Mechanistic insights into Ageratum conyzoides L. in preventing spontaneous abortion: A computational and pharmacological study

Spontaneous abortion (SA) imposes significant physical, psychological, and economic burdens on affected families. This study employs network pharmacology and HPLC-MS analysis to investigate the therapeutic mechanisms of Ageratum conyzoides L. in the treatment of SA. Using HPLC-MS, we identified a diverse array of bioactive compounds in Ageratum conyzoides L., including diterpenoid alkaloids (aconitine, mesaconitine, hypaconitine), sesquiterpene lactones (levistilide A), nucleosides (inosine), coumarin derivatives (ligustilide), triterpenoids, and phenolic acids. These compounds were confirmed through retention times and mass spectrometry fragmentation patterns. Network pharmacology analysis identified 27 active components from the plant's secondary metabolites and revealed 514 related targets. In total, 2197 potential targets related to SA were identified, with 220 shared between the plant and disease. Kyoto Encyclopedia of Genes and Genomes (KEGG) pathway analysis identified 196 pathways, including the PI3K-Akt and cancer-related pathways.
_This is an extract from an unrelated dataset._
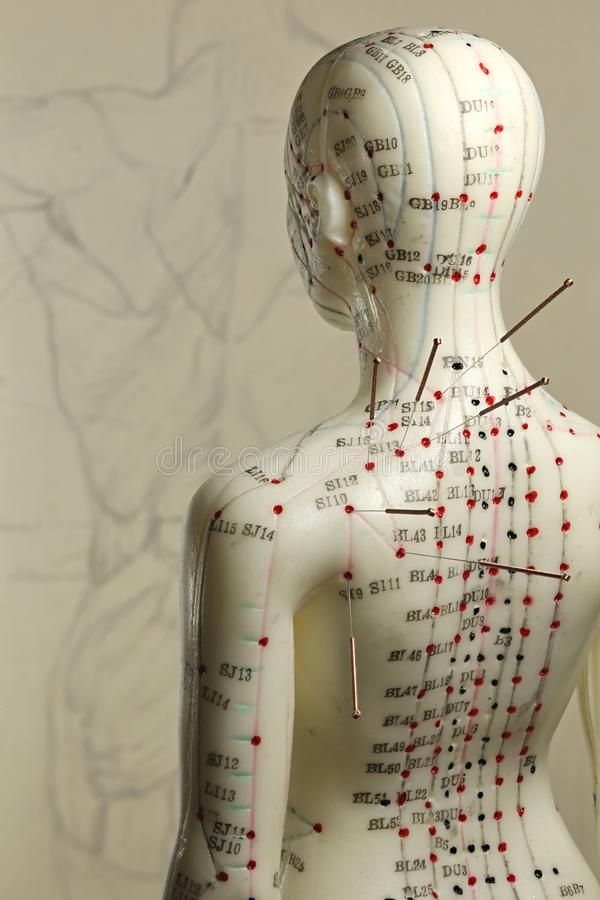 Traditional Chinese Medicine Acupuncture, Tcm Traditional Chinese Medicine, Acupuncture Point, Hurt Pain, Acupuncture Needles, Human Body Anatomy, Cupping Therapy, Acupuncture Points, Naturopathy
Molecular docking further confirmed the interactions between major compounds (quercetin, kaempferol, isorhamnetin) and key targets, such as MAPK1 and MAPK3, with strong binding affinities. Pharmacological evaluation showed that Ageratum conyzoides L. corrected Th cell imbalance by inhibiting Th2 cell differentiation, increasing the Th1/Th2 ratio, and enhancing T-bet gene expression. Serum progesterone levels significantly decreased post-abortion. Flow cytometry revealed restored Th1/Th2 differentiation, while qPCR and immunohistochemical analyses confirmed upregulation of T-bet and inhibition of GATA-3 and IL-4 expression. The extract's efficacy was confirmed across multiple experimental groups using ANOVA and Bonferroni post-hoc tests. This study highlights Ageratum conyzoides L.'s potential as a multifaceted therapeutic agent for SA, supported by its comprehensive molecular profile, revealed through HPLC-MS and network pharmacology.